Sicher sind die vereinheitlichten Berechnungsgrundlagen ein sinnvolles Hilfsmittel für die letztlich angestrebte Dosisermittlung für betroffene Einwohner oder Geländenutzer bei oder auf Uranbergbaualtlaststandorten. Doch führen sie im Zusammenhang mit der Bewertung dieser Altlasten in Thüringen seit Jahren zu dem fatalen Ergebnis der Fehleinschätzung und Handlungsunfähigkeit. Kürzlich beschrieb der Kirchliche Umweltkreis Ronneburg im Strahlentelex [7] ausführlich die heutige gefährliche Umweltschädigung durch eine der am stärksten belasteten Halden(10) des DDR-Uranbergbaus überhaupt. Da diese nicht Bestandteil der in Sanierung befindlichen Betriebsflächen der bundeseigenen Wismut GmbH ist, verbleibt sie unüberwacht im Altlastpool des Landes. Die Landesregierung Thüringens kommt auf Grundlage der geschilderten Verordnungen und Bewertungsgrundlagen im Zusammenhang mit der dünnen Rechtslage gegenüber der Öffentlichkeit im Allgemeinen und dem Kirchlichen Umweltkreis Ronneburg im Besonderen stereotyp zu gleichlautenden Bekenntnissen der Ignorierung. Aktuell erfolgte eine öffentliche Stellungnahme zum Problemfall der "Gauern-Halde" in der Presse wie folgt: "Zum anderen gibt es für Uran keine bodenschutzrechtlichen Vorsorge- und Prüfwerte, aus denen Eingriffsmöglichkeiten der Bodenschutzbehörde abgeleitet werden könnten. Zudem besteh[t] auch nach dem Strahlenschutzrecht bei der ermittelten, maximal zu erwartenden zusätzlichen radiologischen Belastung derzeit fachlich keine Notwendigkeit, aber auch rechtlich keine Möglichkeit, gegenüber dem Eigentümer weitergehende Maßnahmen anzuordnen und durchzusetzen."[8]. Besser kann man die Nichteignung des vorhandenen Verordnungs- und Regelwerkes zur Bewertung der Uranbergbaualtlasten nicht begründen. Aktuelle laufende Gespräche der betroffenen Kommunalverwaltungen mit dem TMUEN verlaufen immer wieder ergebnislos. Traurig, dass nun auch die gegenwärtige Regierung in Thüringen (wie die 25 Jahre CDU-geführte vorherige) keinen neuen Ansatz bringt. Leider wird damit den Bürgern im gegenwärtigen komplizierten gesellschaftlichen Prozess wieder deutlich gemacht, dass die bisher etablierten Parteien keine wirkliche Alternative bilden. Insofern stehen die seit Jahrzehnten bürgerbewegten Mitstreiter des Kirchlichen Umweltkreises alternativlos in Opposition.

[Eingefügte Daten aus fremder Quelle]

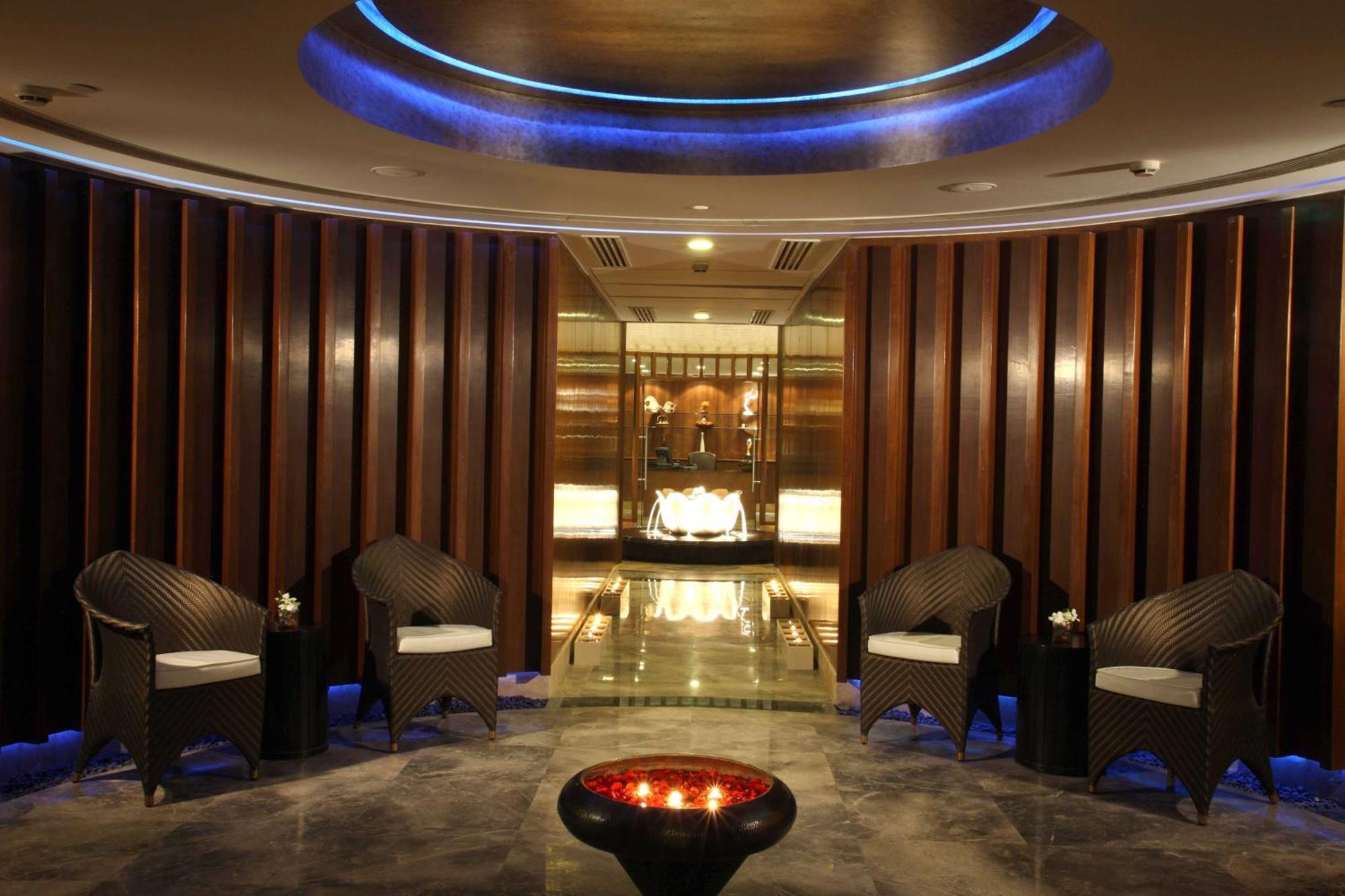 Radisson Blu Plaza Delhi Airport Hotel New Delhi Buitenkant foto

Änderungen der Bewertungskriterien für Uranaltlasten

Kriterien aus dem dargestellten Regelwerk fanden im Rahmen des Altlastenkatasters Berücksichtigung. Eine Auswahl von Parametern, die in Anlehnung an die 1 mSv/aRegel zur Einteilung der Altlaststandorte angewandt wurden, enthält Tabelle 2. Die durch Fettdruck hervorgehobenen Kriterien waren gesetzt und zuweisend, die anderen erfüllten ihre Funktion in Unterordnung an die festen Bewertungsparameter bzw. wurden mit diesen gemeinsam bewertet.

Die Einordnung der spezifischen Aktivität für die Halden- und Bodenmaterialien basierten zunächst auf der (DDR)-Bestimmung, dass Strahlenschutzauflagen bereits ab 0,2 Becquerel pro Gramm (Bq/g) Radium gelten. Die Modifizierung von der Klasse A1 über A2 zu B führte dann aber dazu, dass im Wesentlichen nur große Halden einen Sanierungsanspruch erhalten konnten. Doch führten aufgedeckte Einzelprobleme praktisch derartige schematische Vorgehensweisen ad absurdum.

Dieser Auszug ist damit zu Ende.